При полуоткрытом рте больного отводят шпателем или зеркалом щеку кнаружи. Иглу располагают под углом 45° к гребню альвеолярного отростка, скос ее должен быть обращен к кости. Вкол иглы производят на уровне коронки второго большого коренного зуба или между вторым и третьим большими коренными зубами в слизистую оболочку, отступя от переходной складки на 0,5 см кнаружи (рис. 5.15, а). Иглу продвигают вверх, назад и внутрь на глубину 2,5 см, отводя шприц кнаружи, чтобы игла все время располагалась как можно ближе к кости. Это в известной мере предотвращает повреждение артерий, вен крыловидного венозного сплетения и кровоизлияние в окружающие ткани (рис. 5.15, б). После введения 2 мл обезболивающего раствора анестезия наступает через 7—10 мин. При отсутствии больших коренных зубов ориентируются по скулоальвеолярному гребню, идущему от скулового отростка верхней челюсти к наружной поверхности альвеолярного отростка, который расположен на уровне первого большого коренного зуба. Вкол иглы делают позади скулоальвеолярного гребня, что соответствует середине коронки отсутствующего второго большого коренного зуба.

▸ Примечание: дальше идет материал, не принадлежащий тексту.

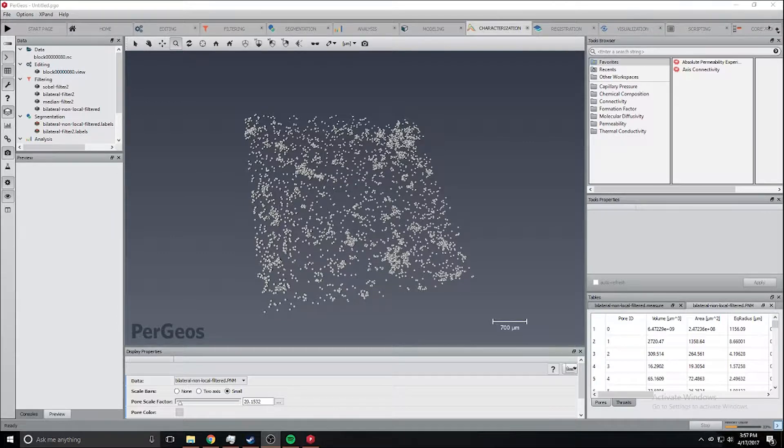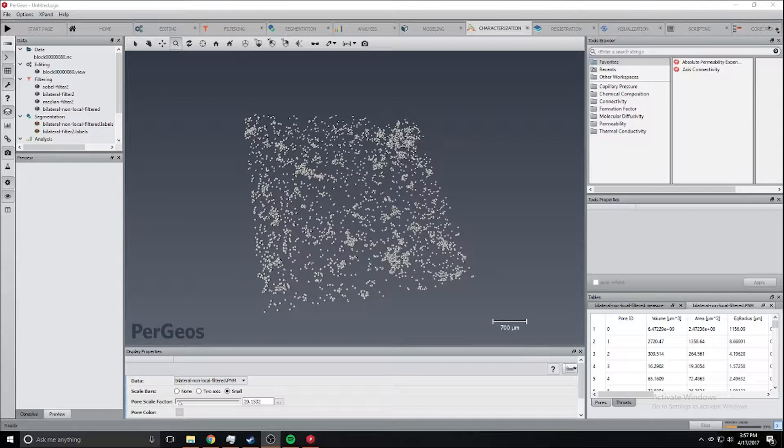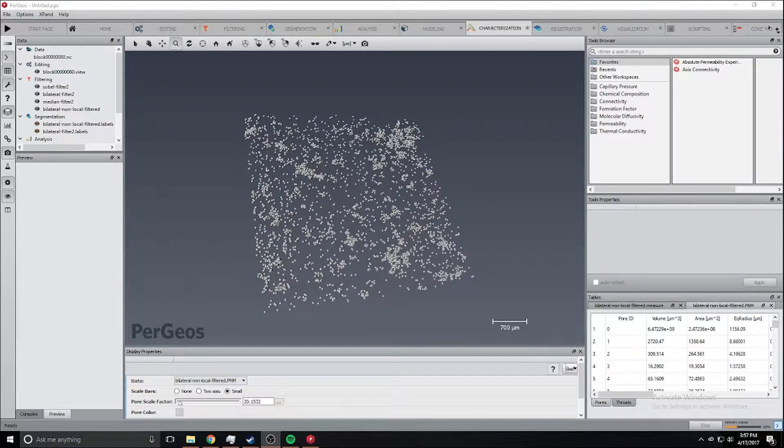Hi, my name is Sam and this is another Pergeos tutorial. In this tutorial we are going to go over how to use Pergeos to analyze the porosity of a MicroCT dataset.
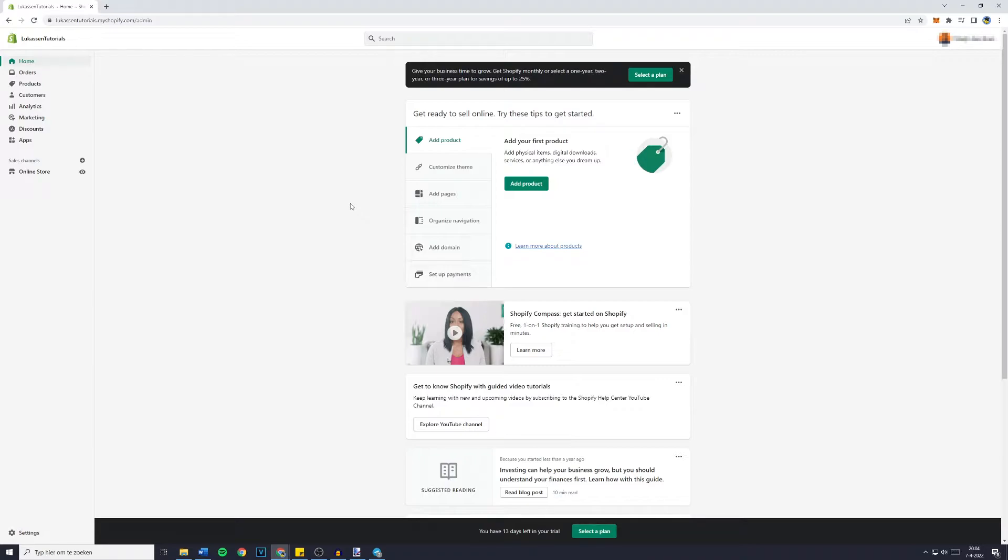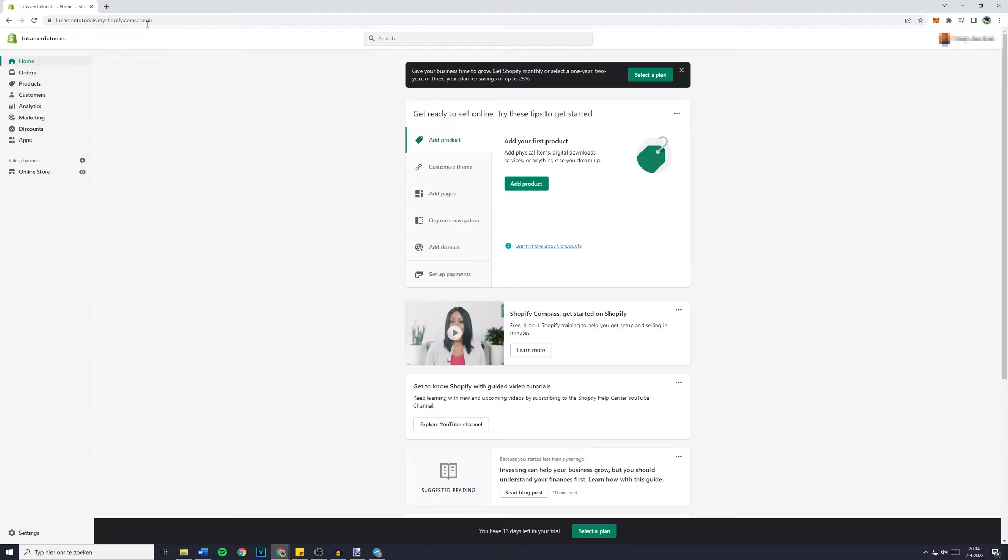So the first thing you want to do is go over to shopify.com and login into your account. Once you've done that, simply go over to the store and then you'll be sent over to the admin page.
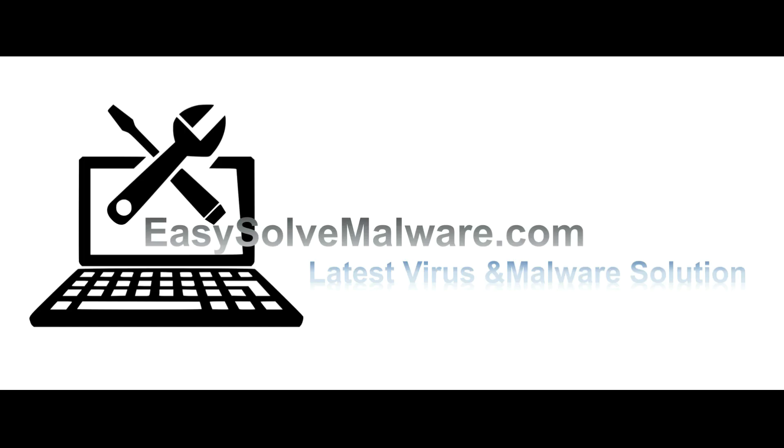That's all. Thank you watching the video from EasyPCMalware.com. We hope it solves your problem.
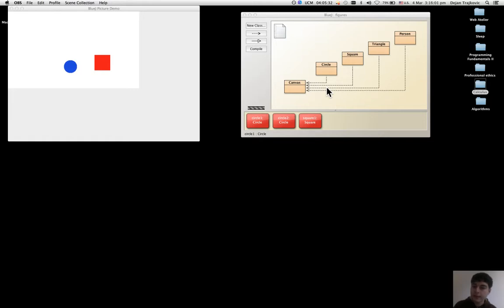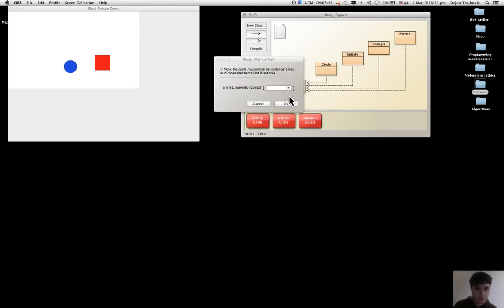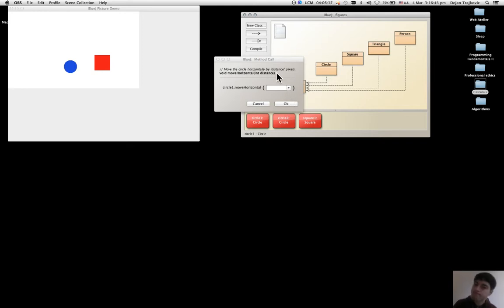Every time a method is asking for more information — for an input like 'move horizontal' — it asks for this input, which is called a parameter. Every method gives information about what it requires as a parameter.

Зона обезболивания: первый, второй, третий большие коренные зубы; надкостница альвеолярного отростка и покрывающая ее слизистая оболочка в области этих зубов с вестибулярной стороны; слизистая оболочка и костная ткань задненаружной стенки верхнечелюстной пазухи. Задняя граница зоны обезболивания постоянна. Передняя граница может проходить по середине коронки первого большого коренного зуба или доходить до середины первого малого коренного зуба. Это объясняется различной выраженностью анастомозов со средней альвеолярной ветвью, а также непостоянством отхождения ее от подглазничного нерва. Верхняя средняя альвеолярная ветвь иногда отходит от ствола верхнечелюстного нерва вместе с задними верхними альвеолярными ветвями и, следовательно, может быть выключена при туберальной анестезии. В подобных случаях наступает обезболивание и верхних малых коренных зубов. Это наблюдается и при отсутствии верхней средней альвеолярной ветви, когда премоляры иннер-вируются верхними задними альвеолярными ветвями. При введении большого количества анестетика он может проникнуть через нижнюю глазничную щель в нижнеглазничный желобок и также блокировать среднюю верхнюю альвеолярную ветвь.

Осложнения. При туберальной анестезии возможны ранение кровеносных сосудов и кровоизлияние в окружающие ткани, в некоторых случаях — образование гематомы. При введении анестетика с адреналином в кровеносное русло возможны расстройства сердечно-сосудистой и дыхательной систем. Для профилактики осложнений необходимы соблюдение техники анестезии, постоянное впрыскивание анестетика при введении иглы в глубь тканей, что способствует отодвиганию кровеносных сосудов. В случае ранения сосудов и возникновения кровотечения следует прижать кровоточащую точку, а для профилактики образования гематомы — наложить давящую повязку на щечную область (верхнезадний отдел се) на несколько часов. Для предупреждения введения анестетика в кровеносное русло перед впрыскиванием раствора надо потянуть поршень на себя и убедиться в отсутствии крови в шприце; при поступлении ее необходимо изменить положение иглы и только после этого вводить анестетик.